Short web captions:
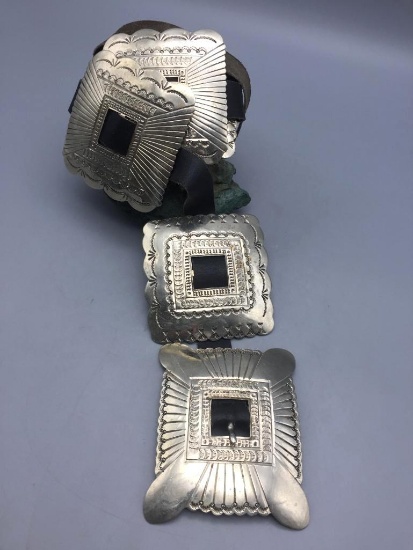 Ginormous German Silver Concho Belt
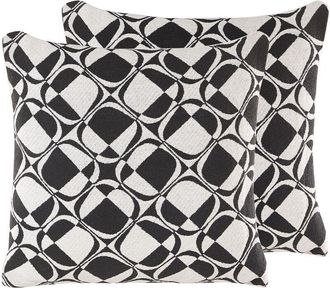 Beliani Conjunto De 2 Cojines Decorativos Blanco Y Negro Algod&oacute;n 45 X 45 Cm Fundas Extra&iacute;bles Relleno De Poli&eacute;ster Koture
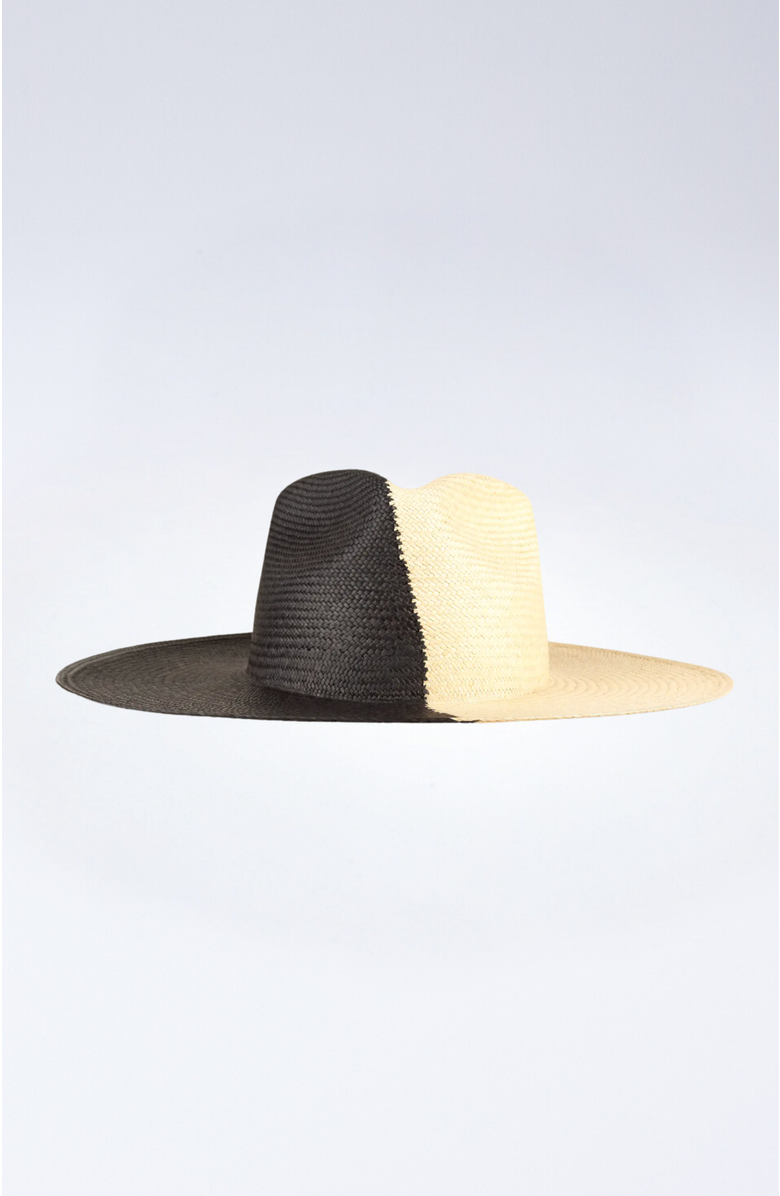 Heads Of State Hat Co. Sombra Two-Toned Straw Fedora, Main, color, Black/Natural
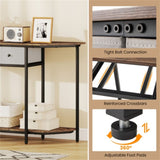 2-Tier Industrial Console Table - Polygonal Tabletop & Open Shelf, 2 Folding Fabric Drawers for 37444231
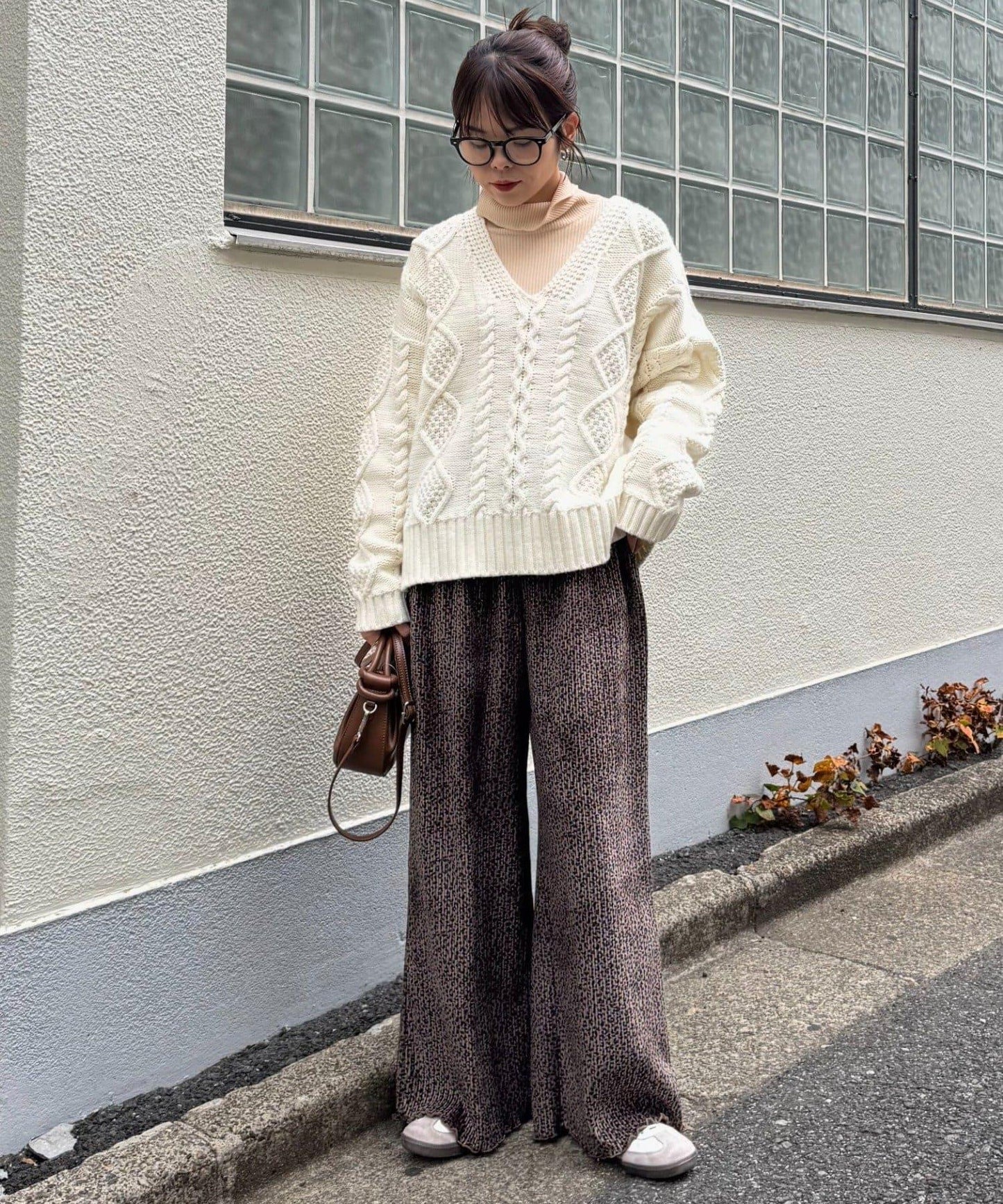 天鵝絨羅紋拼接圖案寬鬆休閒褲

▶ **TASK BRIEF**: None of the pictures belong in the copy; transcribe the rest of the data exactly.

▶ **RESULT**:
 Ginormous German Silver Concho Belt
 Beliani Conjunto De 2 Cojines Decorativos Blanco Y Negro Algod&oacute;n 45 X 45 Cm Fundas Extra&iacute;bles Relleno De Poli&eacute;ster Koture
 Heads Of State Hat Co. Sombra Two-Toned Straw Fedora, Main, color, Black/Natural
 2-Tier Industrial Console Table - Polygonal Tabletop & Open Shelf, 2 Folding Fabric Drawers for 37444231
 天鵝絨羅紋拼接圖案寬鬆休閒褲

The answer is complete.